The Kino Border Initiative opened in 2009 and is run by Jesuit priests and several humanitarian organizations. Father Sean Carroll greets the migrants many mornings. He says part of his mission is to “humanize” the people he sees every day.

Father Carroll has sensed an increasing fear in the United States of the threat perceived to be pouring in through the country’s southern border. He worries that fear has made many Americans lose sympathy for migrants who are risking their lives in search of a better life.

“People are concerned for their safety. They are concerned that there is a real lack of order,” Father Carroll said. “We need security. We need safety. But I don’t believe border security and respect for human dignity are mutually exclusive. We can do both.”

Father Carroll and many immigrant rights activists insist comprehensive immigration reform is the best way to ensure border security.

“So the more we address the root causes of this issue, I think we are going to have fewer migrants crossing. That would mean we would need fewer resources to secure the border and those resources can be really focused on people who want to do harm,” Carroll said.

Securing the border

On the other side of the border, the tools for capturing migrants have grown as sophisticated as ever. In the past 10 years, border fencing and barricades have grown to cover nearly 700 miles. There is an elaborate system of cameras and underground sensors monitoring vast swaths of the borderlands.

There are roughly 20,000 Border Patrol agents working in the agency, but the National Border Patrol Council, the union representing the agents, says the force is down 1,600 agents.

The National Border Patrol Council is celebrating the election of Donald Trump. Spokesman Shawn Moran says the Border Patrol has never received public support, and employees are eager to see what happens.

“The day after the Election Day, we were slapping each other on the back and hugging,” Moran told CNN.

With Trump announcing a new series of executive actions focused on immigration, Moran argues that talk of comprehensive immigration reform would inspire more migrants to race for the southern border.

“Anytime we talk about a general amnesty or immigration reform, we see these surges,” Moran said. “We have a serious issue with allowing immigration reform to go forward.”

Moran says before the country can have immigration reform, the border must be secured.

And, in some areas, there are private citizens taking the pursuit of border security into their own hands.

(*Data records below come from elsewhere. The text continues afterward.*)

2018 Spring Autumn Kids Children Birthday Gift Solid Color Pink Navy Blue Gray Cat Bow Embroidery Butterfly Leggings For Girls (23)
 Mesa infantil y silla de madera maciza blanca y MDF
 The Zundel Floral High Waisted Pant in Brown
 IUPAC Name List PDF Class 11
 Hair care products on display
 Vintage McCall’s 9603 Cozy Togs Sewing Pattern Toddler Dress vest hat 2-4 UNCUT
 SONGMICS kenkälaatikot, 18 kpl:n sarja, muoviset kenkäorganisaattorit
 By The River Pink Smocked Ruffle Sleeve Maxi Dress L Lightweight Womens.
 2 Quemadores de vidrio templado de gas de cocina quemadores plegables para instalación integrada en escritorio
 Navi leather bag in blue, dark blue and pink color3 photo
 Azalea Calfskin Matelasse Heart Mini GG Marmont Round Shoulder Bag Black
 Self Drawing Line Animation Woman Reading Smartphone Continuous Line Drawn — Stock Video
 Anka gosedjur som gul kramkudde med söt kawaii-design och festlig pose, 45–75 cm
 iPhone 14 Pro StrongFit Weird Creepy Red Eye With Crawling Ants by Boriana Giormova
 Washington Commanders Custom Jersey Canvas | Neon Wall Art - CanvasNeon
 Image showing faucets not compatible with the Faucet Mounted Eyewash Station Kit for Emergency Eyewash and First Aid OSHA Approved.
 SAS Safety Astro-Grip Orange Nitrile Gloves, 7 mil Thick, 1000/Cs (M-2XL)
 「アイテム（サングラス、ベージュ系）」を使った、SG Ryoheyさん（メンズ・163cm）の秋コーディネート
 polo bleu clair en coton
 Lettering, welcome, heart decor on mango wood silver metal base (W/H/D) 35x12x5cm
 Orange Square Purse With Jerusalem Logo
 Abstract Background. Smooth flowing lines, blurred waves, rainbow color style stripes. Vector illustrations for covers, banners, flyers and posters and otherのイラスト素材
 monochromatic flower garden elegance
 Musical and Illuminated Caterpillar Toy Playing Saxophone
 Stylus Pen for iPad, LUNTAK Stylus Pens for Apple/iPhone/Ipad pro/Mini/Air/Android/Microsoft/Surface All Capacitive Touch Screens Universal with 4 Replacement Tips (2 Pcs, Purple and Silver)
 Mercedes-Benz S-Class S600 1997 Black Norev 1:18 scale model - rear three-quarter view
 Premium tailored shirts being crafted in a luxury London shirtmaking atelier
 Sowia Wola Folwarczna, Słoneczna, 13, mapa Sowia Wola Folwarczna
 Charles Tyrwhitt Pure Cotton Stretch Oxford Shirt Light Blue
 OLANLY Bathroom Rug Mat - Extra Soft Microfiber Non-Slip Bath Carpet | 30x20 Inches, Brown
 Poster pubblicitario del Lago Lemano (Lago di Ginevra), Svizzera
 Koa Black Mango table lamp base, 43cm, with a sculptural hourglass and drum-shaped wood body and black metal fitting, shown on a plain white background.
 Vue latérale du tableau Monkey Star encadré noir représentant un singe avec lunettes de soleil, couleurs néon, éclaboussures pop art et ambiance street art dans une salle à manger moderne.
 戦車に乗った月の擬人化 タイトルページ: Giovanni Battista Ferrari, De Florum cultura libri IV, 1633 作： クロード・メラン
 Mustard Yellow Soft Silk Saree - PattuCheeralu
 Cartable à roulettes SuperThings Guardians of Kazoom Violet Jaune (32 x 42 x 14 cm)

Tim Foley created a band of border vigilantes called Arizona Border Recon. He moved from Phoenix to the border town of Sasabe and now spends his days tracking migrants and drug smugglers. Foley says he could spend his life taking vacations and sitting on his couch but he’d prefer to spend his time patrolling the front lines.

“All the major activity takes place in the mountains,” Foley told CNN. “They love the mountains because less road means less border patrol, and less border patrol means easier times.”

The Southern Poverty Law Center, which says it monitors hate and extremist groups in the United States, says Foley’s group is made up of “native extremists.”

“I’ve been called everything in the book,” Foley told CNN. “I’ve been called a domestic extremist.”

Foley says he has about 250 volunteers from around the country who carry out surveillance missions in this border region south of Tucson.

The teams place hidden cameras in the areas most often used by drug smugglers. Foley downloads the videos and often shares what he calls “the intelligence” with Border Patrol agents.

Foley says he’s spent $120,000 on cameras and electronic equipment to do this work. But, he argues, Border Patrol agents need to work more effectively.

“You need boots on the ground,” Foley said. “When you are reactive to a problem, you are always going to be behind the solution.”

Foley is unapologetic and welcomes the criticism of his tactics. He spends his days traversing the terrain, and even though he supports Trump, his faith in the “system” is minimal.

“Do you know why they call it the American Dream?” Foley asks as we drive through the desert hills near his home. “Because you have to be asleep to believe it.”

But on the other side of the Arizona-Mexico border, it’s that idea of the American Dream that Jesus Garcia is chasing.

He left Honduras the day before Trump was elected. Garcia says he wanted to reach the United States before Trump assumed office and feared the new President would start cracking down on immigration laws.

“I want to work and find a better life for me and my family,” Garcia told CNN as he sat just feet from the border strategizing the safest way of sneaking across the border.

Garcia has spent almost two months traveling along the borderlands. He’s made three attempts to cross, but he’s backed out each time. A few weeks ago, he got lost in the desert in the New Mexico hills for five hours, eventually turned around and returned to Mexico.

Garcia pulls out a map that’s specifically made for migrants. It shows the safest and most effective ways to cross through Mexico. It includes details of where rail lines are located and where shelters are located and the services they offer.

It’s a snapshot of how this underground world operates.

“It’s not easy to cross the border,” Garcia told CNN. “People think it’s easy, but without a smuggler it’s not easy.”